Collect each line of the entries that holds the string "green".

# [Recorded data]

┌──

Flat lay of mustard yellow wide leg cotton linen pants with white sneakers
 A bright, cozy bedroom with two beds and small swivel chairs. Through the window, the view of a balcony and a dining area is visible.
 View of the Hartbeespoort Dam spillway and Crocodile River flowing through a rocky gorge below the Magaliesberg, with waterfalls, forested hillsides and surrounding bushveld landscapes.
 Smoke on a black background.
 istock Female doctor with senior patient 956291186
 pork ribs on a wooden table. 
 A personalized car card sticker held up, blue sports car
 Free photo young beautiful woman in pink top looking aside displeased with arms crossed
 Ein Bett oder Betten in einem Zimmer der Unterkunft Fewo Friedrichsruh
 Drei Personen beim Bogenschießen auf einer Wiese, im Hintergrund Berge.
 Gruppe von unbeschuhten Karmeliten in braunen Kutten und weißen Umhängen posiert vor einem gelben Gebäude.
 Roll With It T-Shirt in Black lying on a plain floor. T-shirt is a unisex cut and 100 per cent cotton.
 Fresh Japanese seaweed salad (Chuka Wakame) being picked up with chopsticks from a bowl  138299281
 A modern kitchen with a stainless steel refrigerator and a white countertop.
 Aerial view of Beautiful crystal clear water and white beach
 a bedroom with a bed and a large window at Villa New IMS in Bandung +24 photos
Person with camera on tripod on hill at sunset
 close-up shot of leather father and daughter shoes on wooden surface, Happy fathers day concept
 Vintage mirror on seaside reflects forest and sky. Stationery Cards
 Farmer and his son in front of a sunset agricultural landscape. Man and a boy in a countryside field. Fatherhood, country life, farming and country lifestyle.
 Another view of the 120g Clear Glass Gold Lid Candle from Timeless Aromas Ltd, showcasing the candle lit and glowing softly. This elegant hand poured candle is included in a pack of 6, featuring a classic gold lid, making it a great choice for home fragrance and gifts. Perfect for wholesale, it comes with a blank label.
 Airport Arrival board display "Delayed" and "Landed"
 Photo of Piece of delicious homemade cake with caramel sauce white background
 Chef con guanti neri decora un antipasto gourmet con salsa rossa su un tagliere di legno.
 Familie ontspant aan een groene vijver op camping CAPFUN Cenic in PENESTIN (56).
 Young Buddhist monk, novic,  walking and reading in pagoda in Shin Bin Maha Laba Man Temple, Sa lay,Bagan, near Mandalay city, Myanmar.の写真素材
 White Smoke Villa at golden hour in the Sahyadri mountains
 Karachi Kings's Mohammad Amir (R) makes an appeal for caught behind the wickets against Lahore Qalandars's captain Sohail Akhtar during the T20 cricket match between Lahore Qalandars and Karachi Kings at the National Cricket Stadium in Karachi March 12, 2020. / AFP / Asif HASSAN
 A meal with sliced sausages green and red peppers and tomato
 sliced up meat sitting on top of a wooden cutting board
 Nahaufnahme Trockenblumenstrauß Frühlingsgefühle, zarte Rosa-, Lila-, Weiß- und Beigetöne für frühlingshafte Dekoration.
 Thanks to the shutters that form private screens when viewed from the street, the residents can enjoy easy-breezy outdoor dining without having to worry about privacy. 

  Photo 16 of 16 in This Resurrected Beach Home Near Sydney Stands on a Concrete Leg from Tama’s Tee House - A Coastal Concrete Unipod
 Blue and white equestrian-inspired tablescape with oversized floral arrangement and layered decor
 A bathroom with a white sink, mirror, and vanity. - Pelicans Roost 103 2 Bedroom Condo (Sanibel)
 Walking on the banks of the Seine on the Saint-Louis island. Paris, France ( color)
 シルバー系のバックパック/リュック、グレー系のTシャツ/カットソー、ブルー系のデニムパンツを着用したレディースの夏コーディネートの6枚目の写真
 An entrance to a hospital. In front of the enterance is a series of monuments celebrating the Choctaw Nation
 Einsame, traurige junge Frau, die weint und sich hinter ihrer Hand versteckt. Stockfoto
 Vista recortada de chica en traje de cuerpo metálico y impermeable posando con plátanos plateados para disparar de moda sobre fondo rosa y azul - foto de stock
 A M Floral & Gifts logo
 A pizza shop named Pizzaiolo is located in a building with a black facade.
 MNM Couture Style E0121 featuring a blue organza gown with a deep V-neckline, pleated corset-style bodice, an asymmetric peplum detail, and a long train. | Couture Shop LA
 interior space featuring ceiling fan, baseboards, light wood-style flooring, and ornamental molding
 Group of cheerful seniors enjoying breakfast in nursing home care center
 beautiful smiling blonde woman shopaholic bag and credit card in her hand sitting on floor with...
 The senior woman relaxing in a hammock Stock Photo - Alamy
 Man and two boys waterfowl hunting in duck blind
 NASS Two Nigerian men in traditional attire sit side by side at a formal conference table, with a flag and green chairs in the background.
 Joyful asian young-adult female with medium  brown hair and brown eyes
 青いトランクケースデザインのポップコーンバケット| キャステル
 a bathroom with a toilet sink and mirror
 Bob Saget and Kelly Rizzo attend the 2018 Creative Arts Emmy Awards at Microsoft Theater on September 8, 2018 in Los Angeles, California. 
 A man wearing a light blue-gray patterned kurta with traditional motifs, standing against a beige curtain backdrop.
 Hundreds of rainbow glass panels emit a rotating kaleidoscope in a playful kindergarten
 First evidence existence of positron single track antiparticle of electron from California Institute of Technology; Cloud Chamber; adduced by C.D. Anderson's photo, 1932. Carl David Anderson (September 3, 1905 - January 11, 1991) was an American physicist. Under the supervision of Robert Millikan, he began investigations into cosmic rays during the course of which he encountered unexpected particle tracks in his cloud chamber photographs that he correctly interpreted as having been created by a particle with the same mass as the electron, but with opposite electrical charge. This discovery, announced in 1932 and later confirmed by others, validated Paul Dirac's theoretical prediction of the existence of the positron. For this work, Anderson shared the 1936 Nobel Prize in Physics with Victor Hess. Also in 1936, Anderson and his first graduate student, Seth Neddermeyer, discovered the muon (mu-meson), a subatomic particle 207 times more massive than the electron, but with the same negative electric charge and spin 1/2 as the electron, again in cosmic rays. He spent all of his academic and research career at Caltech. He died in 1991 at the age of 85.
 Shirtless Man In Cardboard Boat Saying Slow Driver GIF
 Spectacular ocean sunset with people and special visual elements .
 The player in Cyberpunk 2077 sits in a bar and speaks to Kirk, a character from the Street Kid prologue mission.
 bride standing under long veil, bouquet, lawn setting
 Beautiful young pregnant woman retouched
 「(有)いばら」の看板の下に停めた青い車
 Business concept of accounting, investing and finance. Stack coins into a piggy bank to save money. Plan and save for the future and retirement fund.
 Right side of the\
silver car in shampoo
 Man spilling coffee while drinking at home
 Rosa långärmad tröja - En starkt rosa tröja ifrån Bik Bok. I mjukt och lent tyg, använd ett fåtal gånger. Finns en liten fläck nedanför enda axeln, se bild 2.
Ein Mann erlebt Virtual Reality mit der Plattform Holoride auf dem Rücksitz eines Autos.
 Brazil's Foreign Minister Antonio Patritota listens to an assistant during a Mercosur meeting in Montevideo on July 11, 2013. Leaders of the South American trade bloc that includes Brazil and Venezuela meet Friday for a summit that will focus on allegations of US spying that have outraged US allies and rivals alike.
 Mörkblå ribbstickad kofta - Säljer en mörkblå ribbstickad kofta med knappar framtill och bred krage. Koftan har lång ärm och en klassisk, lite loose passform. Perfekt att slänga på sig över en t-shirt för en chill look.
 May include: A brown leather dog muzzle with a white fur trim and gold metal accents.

└──

# [EXERCISE OUTPUT]
 A meal with sliced sausages green and red peppers and tomato
 NASS Two Nigerian men in traditional attire sit side by side at a formal conference table, with a flag and green chairs in the background.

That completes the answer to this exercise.